Geoffrey Batchen, Professor of Art History, University of Oxford
Friday 3 April, 09.30 - 10.30
Newcastle University, Herschel Building, Curtis Auditorium


Keynote LectureLight and Dark: A Little History of the Negative - watch an online version of this lecture which took place at the Art Gallery of NSW in October 2019.

Alternative Keynote - online article: Close Enounters, A conversation between Geoffrey Batchen and Are Flågan. Published in Objektiv Press, March 2020.

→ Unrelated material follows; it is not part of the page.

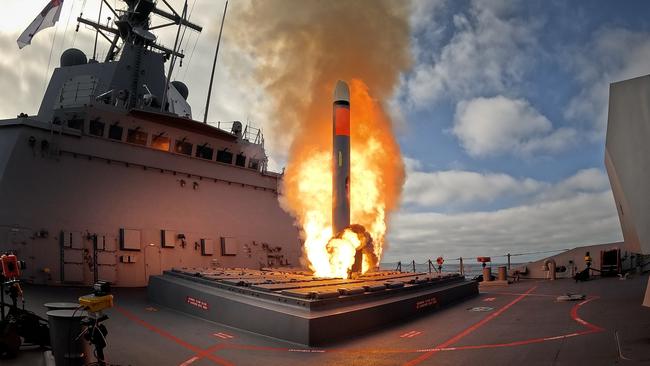 HMAS Brisbane fires a Tomahawk missile off of the cost of San Diego in a test launch by Australia of the long-range strike weapon. Picture: Defence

Geoffrey Batchen is Professor of Art History at the University of Oxford. His books include Burning with Desire: The Conception of Photography (1997), Each Wild Idea: Writing, Photography, History (2001), Forget Me Not: Photography and Remembrance (2004), William Henry Fox Talbot (2008), Suspending Time: Life, Photography, Death (2010), Emanations: The Art of the Cameraless Photograph (2016) and Apparitions: Photography and Dissemination (2018). Batchen has also curated exhibitions for the Museu Nacional de Belas Artes in Rio de Janeiro, the Van Gogh Museum in Amsterdam, the National Media Museum in Bradford, the International Center of Photography in New York, the Wallraf-Richartz-Museum in Cologne, the Izu Photo Museum in Shizuoka, Japan, the National Museum of Iceland in Reykjavik, the Adam Art Gallery in Wellington, New Zealand, the Govett-Brewster Art Gallery in New Plymouth, New Zealand and the Centre for Contemporary Photography in Melbourne. Batchen is currently working on a book about the history of the photographic negative.